It's
been known for a while that even serious UK newspapers are
reducing costs by farming out their sub-editing challenges to low
paid people in, say, Australia. Perhaps this is what happened with
a Daily Telegraph article on recent developments in Gibraltar. In which Spain's Guardia Civil is referred to as the
'Guardia Seville'. That said, the article is quite sensible in its
thrust: Tensions
have been growing for some months between Britain and Spain over
Gibraltar. Both in terms of rhetoric and physical incursions into
Gibraltar's territorial waters, the Spanish seem to be intent on
provoking some sort of crisis.This is extraordinary
behaviour for a democratic European state in the twenty first century
and more akin to that of a Fascist dictatorship or banana republic.
More here.
According
to news reports, hundreds of thousands of
people took to the streets in 55 of Spain's largest provincial cities
and many of its towns last Saturday to protest against austerity
measures (including cuts in education, healthcare, social welfare,
unemployment pay and pensions) and against increased taxes and the
recently-introduced legislation that includes six-figure fines for unauthorised demonstrations or for photographing police. While all of
this is valid, one feels it won't be anywhere near enough to cause
the (Brussels-whipped) government to change tack. And so one despairs
not so much of the Spain's government but of its people. Who really
need to take a leaf out of the book of their trans-Pyrannean
neighbours. They really do know how to be revolting.
In
an article in El País on the British Isles, the accompanying
map included only 4 cities - none in Ireland, none in Northern
Ireland, none in Wales, 2 in Scotland (Edinburgh and Glasgow) and 2
in England (London and Liverpool). No Manchester, no Birmingham, no Bristol and
no Newcastle, for example. And I thought, Yes, that's about right.
There
are homophones in English, of course, but one of the more
confusing in Spanish is móbil, which means 1. Moveable, 2.

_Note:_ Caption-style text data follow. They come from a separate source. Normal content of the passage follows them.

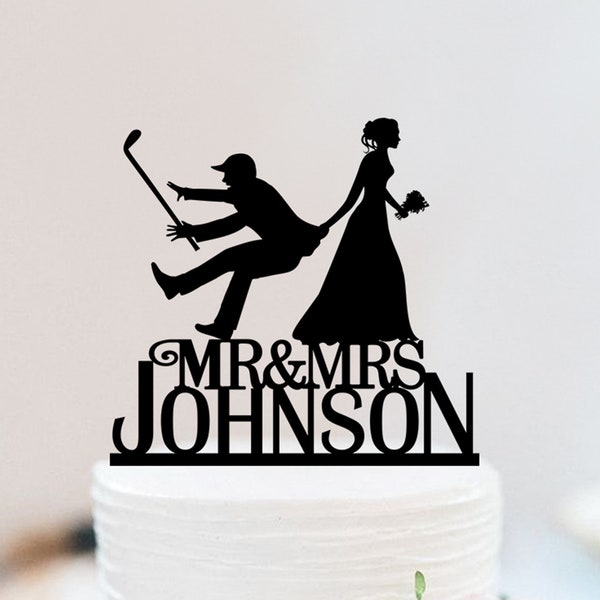 Funny Wedding Cake Topper,Golf Cake Topper,Bride Dragging Groom,Golf Wedding,Golf Bride And Groom Cake Topper,Mr Mrs Cake Topper W035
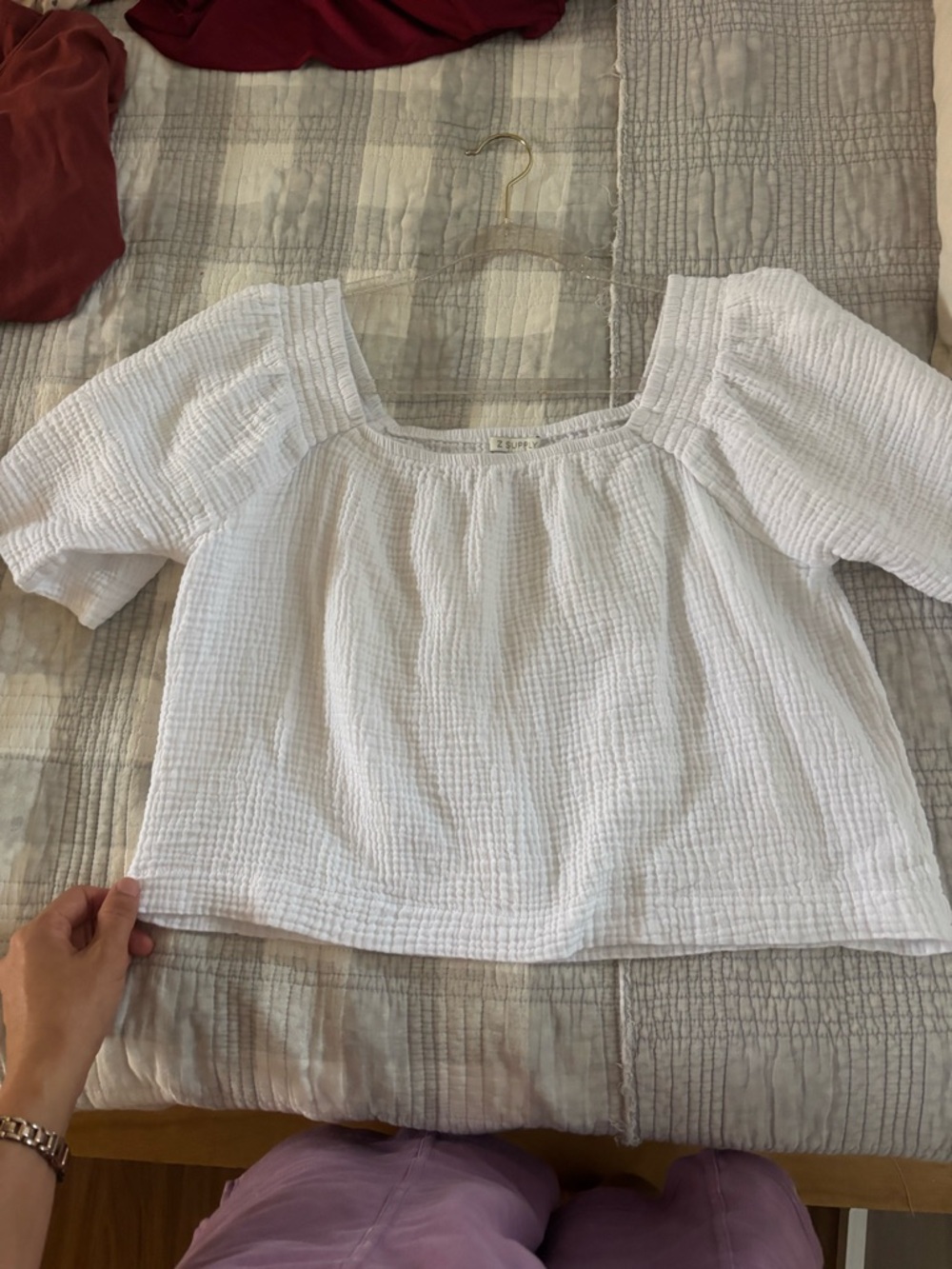 Z Supply White Textured Square-Neck Top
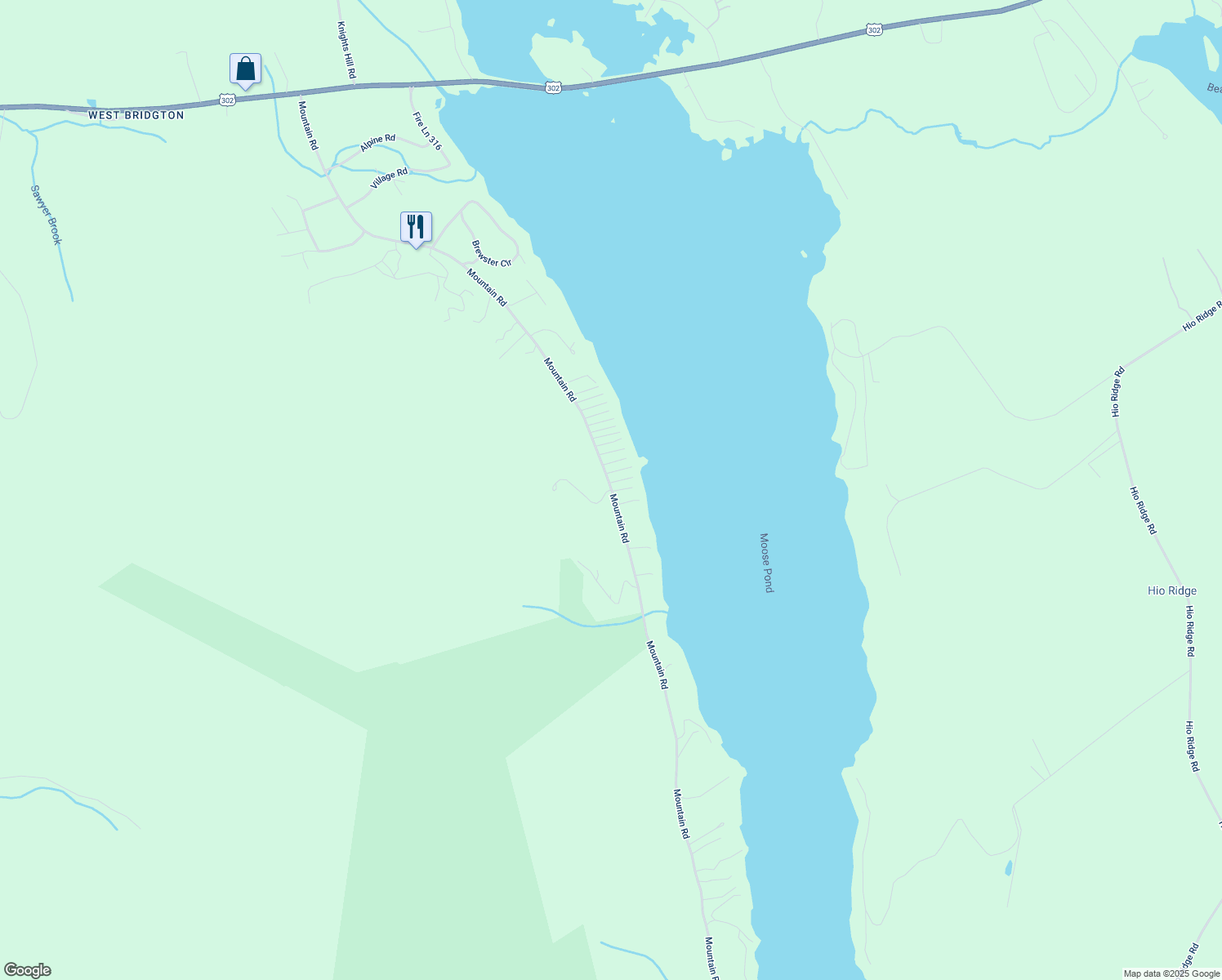 map of restaurants, bars, coffee shops, grocery stores, and more near 9 Trailside Way in Bridgton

Mobile(cell) phone, and 3. Motive. And one or two other
things as well, such as a mobile above a baby's bed. Leading to the
question of how you'd write a sentence about a baby's motive for
playing with a toy phone in a mobile above it's head.[P. S. Don't
write in: I've just discovered we're talking homographs here, not
homophones.]
Finally
. . . I saw an unusual solitary bird in my garden yesterday and
eventually identified it as a black redstart, which seemed to be a
bit of a contradiction in terms. Anyway, I saw this article on the
net, containing text in both English and Dutch. The latter was totally
incomprehensible - despite the Dutch (Fresian) origins of English - but I
saw the word insecten and decided it was the plural of
insect, just as 'children' is the plural of 'child'.
Actually, this is a double plural, as it goes 'child', 'child-er' and
'child-er-en.' English plus German plus Dutch.